Making it hard to unsubscribe
Nothing kicks off a healthy relationship by force and trickery, right? Wrong. Well, unless you’re Andie Anderson or Benjamin Barry, whose relationship is based on a bet in the 2003 rom-com, How to Lose a Guy in 10 Days.
Give your consumers the courtesy and respect to exit the relationship as they please. Sometimes, they’re just not that into you. But if they like you, they’ll stay. And If they don’t, you still have the opportunity to improve and woo them back another way (social targeting, etc.), but don’t force a relationship when it’s not wanted.
Netflix and overfill
3 emails a day your first week together? Not a good look. Nothing says “I’m crazy” like inundating someone with a constant barrage of (unwanted) communication. Remember the love fern? Don’t be like Andie.
Don’t set the tone of your relationship as one sided, if you’re using consumers as a receptacle of for email communication, that’s exactly the type of relationship you are creating.
Too many last chances
Your subscribers are smart and they can sniff out a fake “last call” email faster than Andie can say, “I’m a vegetarian.” There are a few things to consider when running a last chance promo. Is it actually the subscribers last chance?
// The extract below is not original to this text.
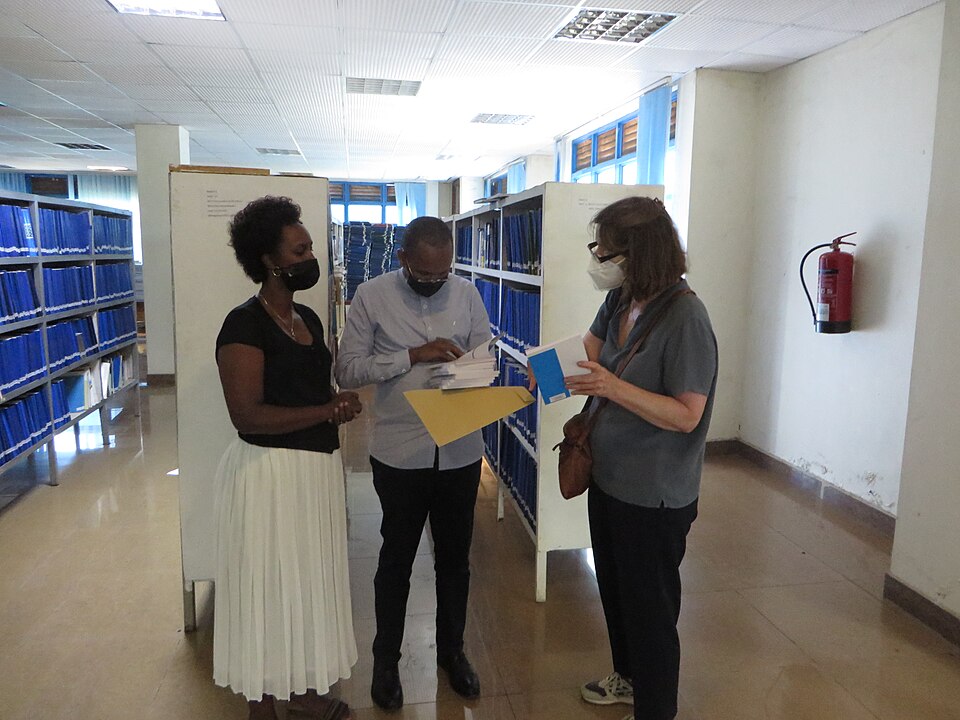 Kigali — service booking platforms for local businesses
Or, will they see this offer again soon? If the latter is true, you’re lying to you subscribers and they’ll start to catch on to your untruthful marketing practices.
Oh, and let’s not lower the bar too low. If your subscribers get used to see marked down prices, they’ll likely not buy your product at full price. Just look at Banana Republic or Gap. Will you ever pay full price for any of their items when you know a 40% sale comes around every other week? Not likely.
Sharing isn’t caring
For many brands, and publishers in particular, third-party emails are a common practice. While it is a consistent revenue and service opportunity, third-party emails can be the death of any consumer/business relationship. The biggest mistake we see? Publishers giving up all branding in lieu of a third-party email. If the “from” name is yours, it’s your email. Don’t confuse your consumers about who you are by sending out items that don’t look look like and feel like you. This is your relationship. Don’t let anyone else author or decide how that relationship should go.
Don’t overcomplicate things
If you have to describe to someone how to use their account, your account setup is flawed. If I have to keep telling someone how great you are, you’re probably not that great. You can likely blame Apple for this, but consumers are accustomed to intuitive technology. If yours isn’t? Don’t put a spotlight on how complicated it is with a wordy email exchange. If yours is simple to use? Don’t complicate it with a wordy exchange. You have much more to offer than instructions, show ‘em what you’re made of.
It’s too soon
Sending a subscription offer too soon can feel … icky. If you begin your relationship by giving first, you can ask later without it feeling like a sales pitch. Give them content first. Wait until the subscriber is interested, engaged, and wanting more from your brand, then hit them with a subscription offer they won’t be able to refuse. This way, it will feel like the natural next step in your relationship … much like meeting the parents, or saying “I love you.”
Where do you shake out?
If your current email marketing strategy is anything like Andie Anderson’s dating strategy you’re bound to lose subscribers. It’s time to start changing your habits. Start small and see how your subscribers respond.
But if you treat your subscribers like an IRL relationship, you can be riding off into the sunset together. Soon, they could be buying an annual subscription (woah … commitment), following you on social media, introducing you to their friends, and even attending events you’re hosting. Before you know it, you’ve got yourself a lifelong partner. That, my friends, is a real modern day rom-com.